House Bill 2238, a new form of the “fairness in women’s sports act,” which has been debated in the Legislature for years now, was introduced Tuesday in a House Education Committee hearing. The bill would require female student athletic teams from kindergarten to college only include cisgender girls or women. One part of the bill stipulates that no governmental agency, athletic association or organization could take action against public education entities for keeping athletic teams or sports divided by gender.
Another section of the bill stipulates that students who have been harmed or deprived of athletic opportunities because their team or sport wasn’t limited to cisgender females had a legal claim to seek redress.
Equality Kansas released a statement calling the legislation a bullying tactic. One concern was how a child’s gender would be verified.

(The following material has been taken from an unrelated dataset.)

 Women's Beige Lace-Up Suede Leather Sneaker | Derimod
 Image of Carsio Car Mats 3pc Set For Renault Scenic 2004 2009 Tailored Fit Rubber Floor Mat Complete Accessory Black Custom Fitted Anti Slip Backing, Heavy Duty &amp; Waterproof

For Kansas high schools impacted by the bill, the Kansas High School Activities Association would decide rules and regulations for enforcing that teams were only made up of cisgender females. Equality Kansas said determining students’ gender could mean an “invasive and humiliating physical examination.”
“This is a convenient way to score political points by picking on marginalized children,” the statement said. “This along with the numerous anti-LGBTQ bills introduced every year and the refusal to repeal outdated and unconstitutional legislation proves that this was never about ‘fairness in women’s sports.’ The Kansas Legislature is using these bills as yet another cynical distraction from the work that Kansans want and need them to do, and they are doing so at the cost of some of the most marginalized children in our state.”

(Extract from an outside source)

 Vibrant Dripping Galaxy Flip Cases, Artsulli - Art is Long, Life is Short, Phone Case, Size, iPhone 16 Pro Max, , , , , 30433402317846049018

Lawmakers have introduced other legislation impacting the transgender community this session.
Senate Bill 12, introduced by Sen. Mike Thompson, a Shawnee Republican, and Sen. Mark Steffen, a Hutchinson Republican, would criminalize hormone replacement therapy and gender reassignment surgery for transgender youths.
Titled the “child mutilation prevention act,” the bill would make it illegal for physicians to prescribe hormone replacement therapy or perform gender-reassignment surgeries for anyone younger than 21, with few exceptions. Thompson said the legislation was about protecting Kansans who were too young to make informed decisions about transitioning.

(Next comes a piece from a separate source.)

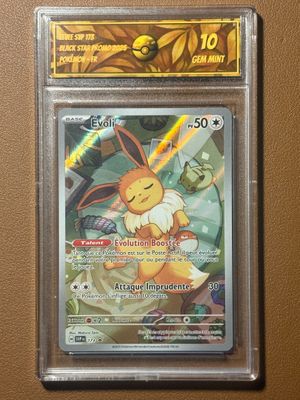 La carte Pokémon se trouve dans un étui en plastique transparent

American Civil Liberties Union of Kansas legal fellow D.C. Hiegert said the bills showed a concerted effort to alienate transgender Kansans.
“Kansas legislators who entertain these bills are sending the message that Kansas is not an accepting or welcoming place, and that trans people don’t belong here,” Hiegert said. “Not only do these anti-trans bills infringe on the civil rights and liberties of all Kansans, but they also harm the estimated 14,400 trans people that call Kansas home.”
On Tuesday, Thompson introduced a bill that would criminalize drag performances where children were in attendance.
The legislation didn’t appear on the Legislature’s website, drawing criticism for a lack of transparency.
“It is for relating to obscene performances expanding the crime of promoting obscenity to minors, including drag performances,” Thompson said in a one-sentence introduction of the legislation.
Under state law, “promoting obscenity” is a misdemeanor on the first offense, and a felony on subsequent offenses.